Leitsatz (amtlich)
Der (nicht rechtskräftige) Abschluss des Verfahrens in der Berufungsinstanz steht der Zulässigkeit der Beschwerde gegen eine im Berufungsverfahren erfolgte Ablehnung der Bestellung eines Pflichtverteidigers nicht entgegen.
Verfahrensgang
LG Berlin (Entscheidung vom 03.03.2014; Aktenzeichen (566) 225 Js 657/11 Ns (108/13)) |
Tenor
Auf die Beschwerde des Angeklagten wird der Beschluss der Strafkammer 66 des Landgerichts Berlin vom 3. März 2014 aufgehoben.
Dem Beschwerdeführer wird Rechtsanwalt St zum Verteidiger bestellt.

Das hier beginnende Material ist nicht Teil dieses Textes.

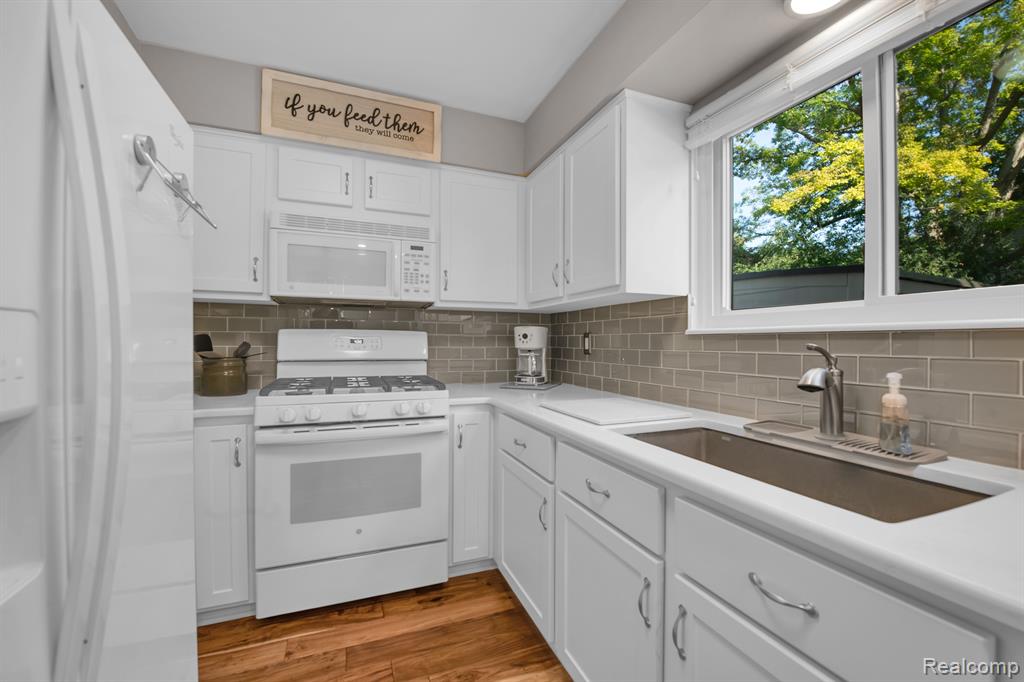 110 CONDA Lane, Oxford, MI 48371 — Photo 12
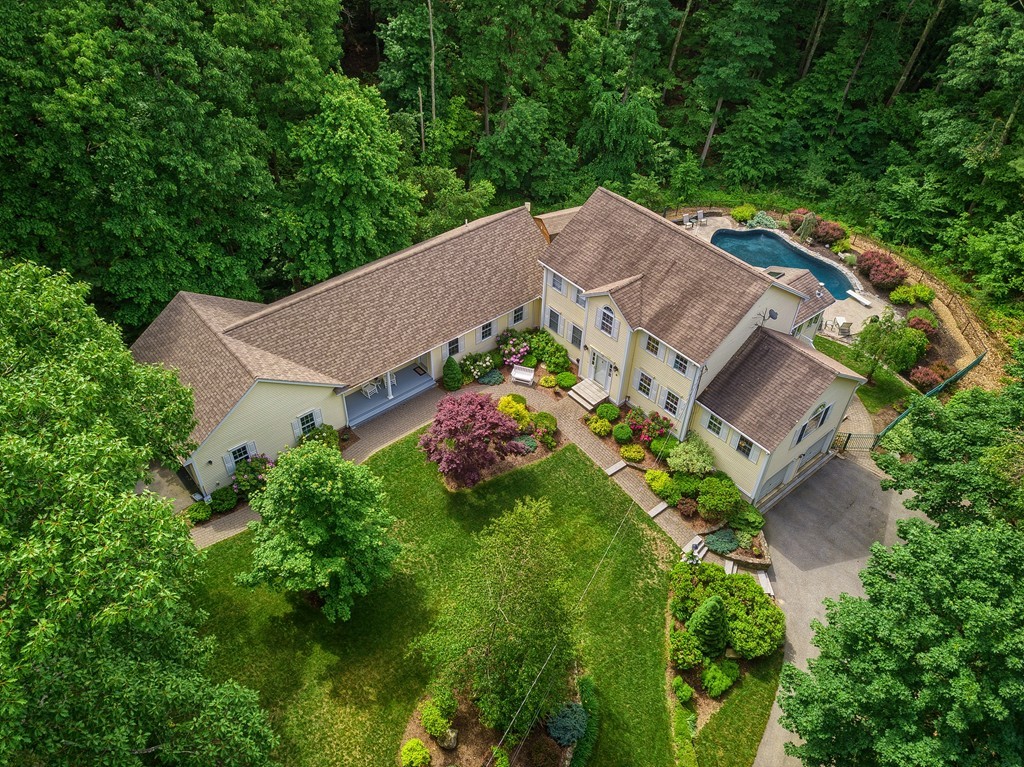 8 Hostler Road Chelmsford, MA 01824 - Photo 1 of 30 Gallery Image 1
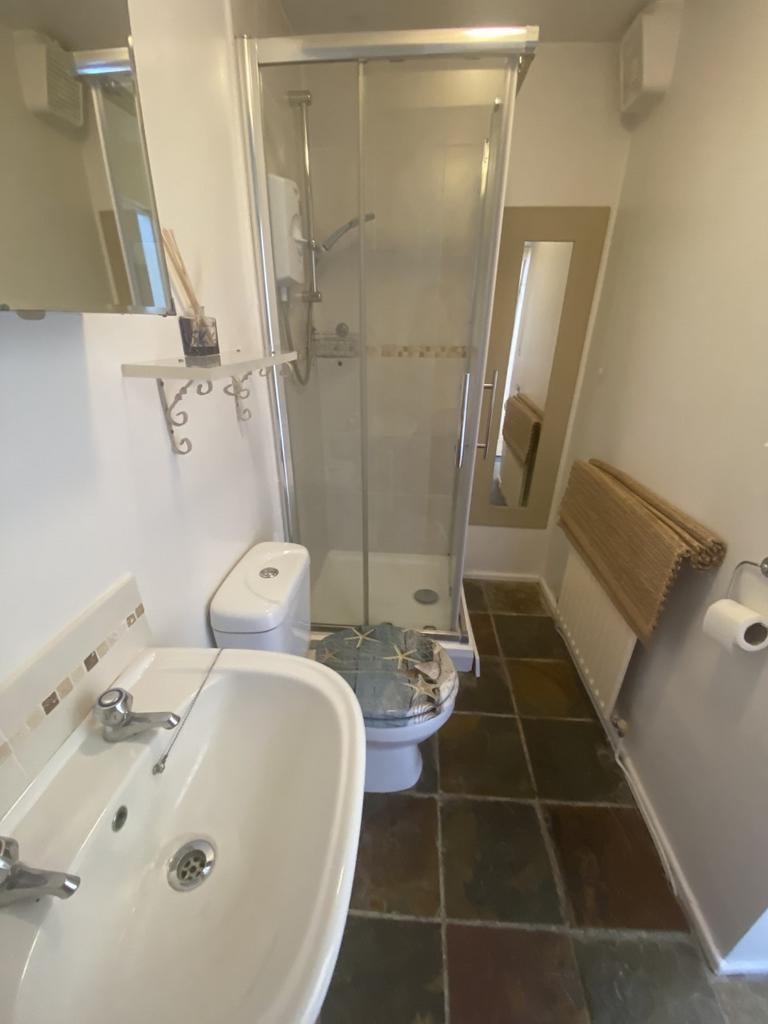 8g bathroom 1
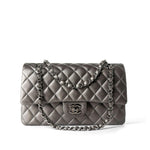 CHANEL Handbag Classic flap / Grey 21B Metallic Ruthenium Lambskin Quilted Classic Flap Medium Ruthenium Hardware -Knockoff
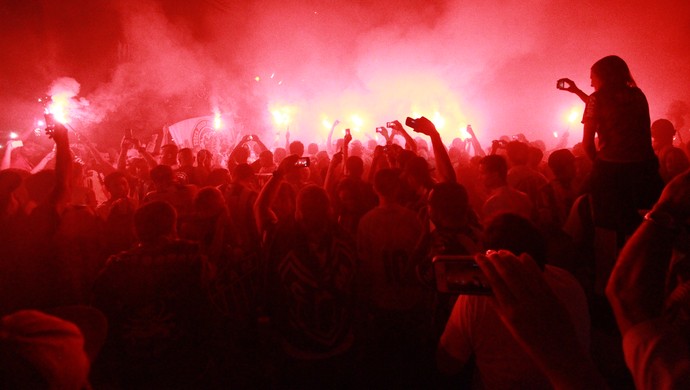 Tradicional no Independência, atleticanos levaram a "rua de fogo" para a porta da sede do Atlético-MG (Foto: Bruno Cantini/CAM)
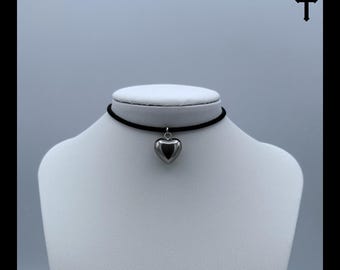 Ephemeral Choker | Silver Heart Choker Necklace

Die Kosten des Beschwerdeverfahrens und die dem Angeklagten insoweit entstandenen notwendigen Auslagen trägt die Landeskasse Berlin.
Gründe
Das Amtsgericht Tiergarten in Berlin hat den Angeklagten am 28. Juni 2013 wegen Verleumdung in zwei Fällen zu einer Gesamtgeldstrafe von 130 Tagessätzen zu je 15 € verurteilt. Gegen das Urteil hat der Angeklagte Berufung eingelegt. Mit Urteil vom 3. März 2014 hat das Landgericht die Berufung verworfen. Der Angeklagte hat gegen dieses Urteil Revision eingelegt. Seinen Antrag vom 20. Februar 2014, ihm einen Pflichtverteidiger zu bestellen, hat die Berufungskammer mit dem angefochtenen Beschluss in der Berufungshauptverhandlung abgelehnt. Dagegen wendet sich der Angeklagte mit seiner Beschwerde. Das Rechtsmittel hat Erfolg.

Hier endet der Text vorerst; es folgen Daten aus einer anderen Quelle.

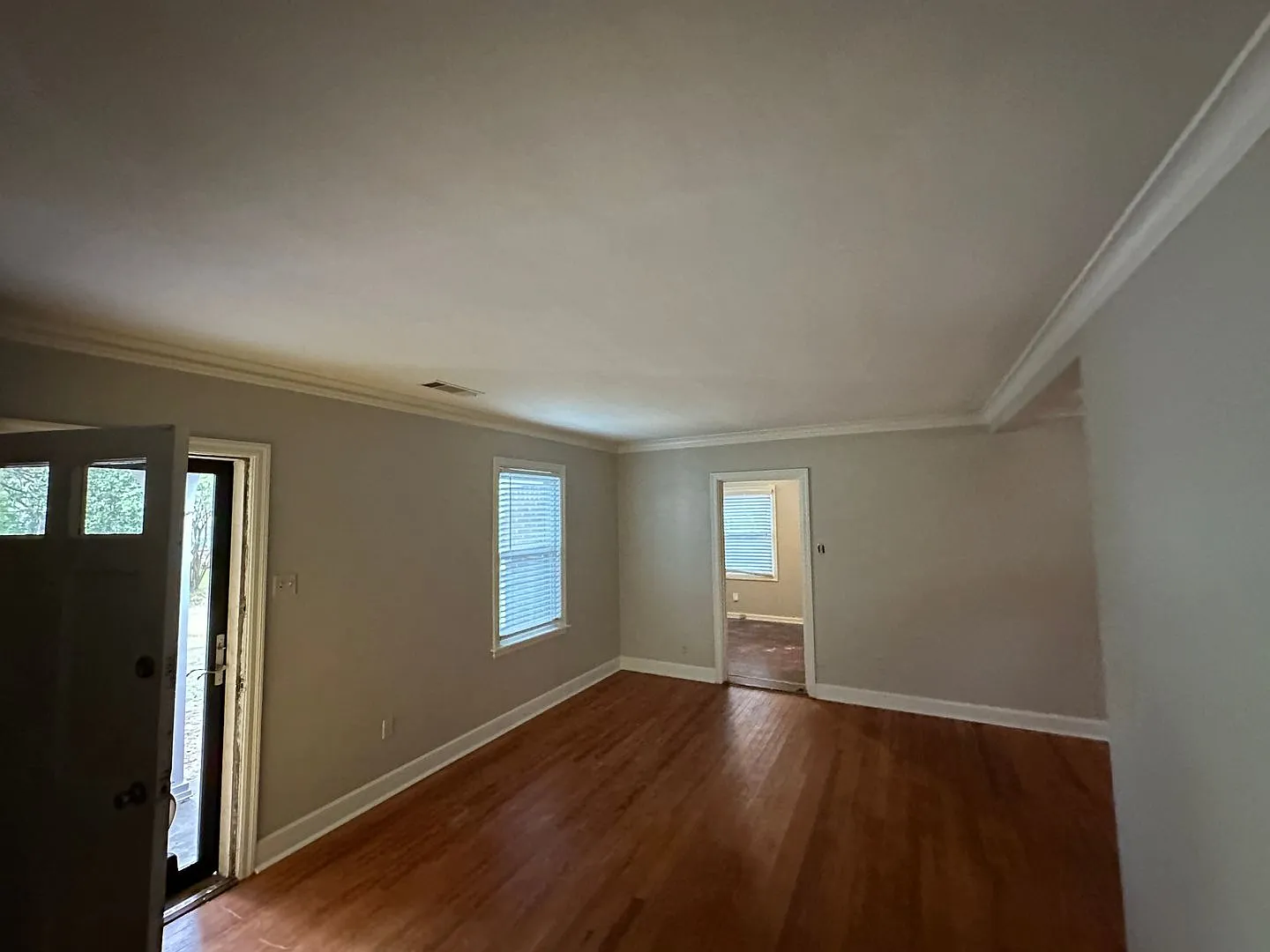 Near Chickasaw Gardens! Split bedroom floor plan! Huge fenced in back yard! — Photo 3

1. Die Beschwerde ist nach § 304 Abs. 1 StPO zulässig und insbesondere nicht durch § 305 Satz 1 StPO ausgeschlossen (vgl. Meyer-Goßner, StPO 56. Aufl., § 141 Rn. 10a m.w.N.). Die Beschwerde ist auch nicht prozessual überholt. Zwar kann der Beschwerdeführer für das Berufungsverfahren die rückwirkende Bestellung eines Verteidigers nicht mehr erreichen, nachdem gegen ihn ein Berufungsurteil ergangen ist (vgl.KG StV 2007, 372, 373; Meyer-Goßner aaO., Rn. 8 m.w.N.). Die Mitwirkung eines Verteidigers kann sich jedoch in dem Verfahrensabschnitt auswirken, der durch die Einlegung der Revision gekennzeichnet ist. Denn zur Tätigkeit eines vom Tatrichter bestellten Verteidigers gehören auch die Begründung der Revision sowie ggf. erforderlich werdende Gegenerklärungen und Erwiderungen auf einen Antrag der Staatsanwaltschaft auf Verwerfung der Revision nach § 349 Abs. 2 StPO (vgl. KG, Beschlüsse vom 23. Oktober 2002 - [3] 1 Ss 291/02 [110/02], 3 Ws 417/02 - und vom 9. Juli 1996 - 5 Ws 351-352/96 -; Senat, Beschlüsse vom 6. März 2003 - 4 Ws 33/03 -, vom 26. August 1998 - 4 Ws 178/98 - [juris], vom 2. Juni 1997 - 4 Ws 115/97 - und vom 14. Juni 1995 - 4 Ws 33/95 -). Soweit der Senat in jüngeren Entscheidungen davon ausgegangen ist, dass bereits mit dem (nicht rechtskräftigen) Abschluss des Berufungsrechtszuges die Beschwer durch eine die Bestellung eines Pflichtverteidigers ablehnende Entscheidung des Berufungsgerichts entfallen war (vgl. Beschlüsse vom 28. März 2013 - 4 Ws 42/13 -, vom 2. Januar 2013 - 4 Ws 143/12 - und vom 14. September 2012 - 4 Ws 98/12 -), lagen dem jeweils besondere Fallkonstellationen zugrunde, die durch eine ausschließlich für das Berufungsverfahren begehrte Pflichtverteidigerbestellung gekennzeichnet waren. Eine Abkehr von der früheren Rechtsprechung des Senats war damit nicht beabsichtigt.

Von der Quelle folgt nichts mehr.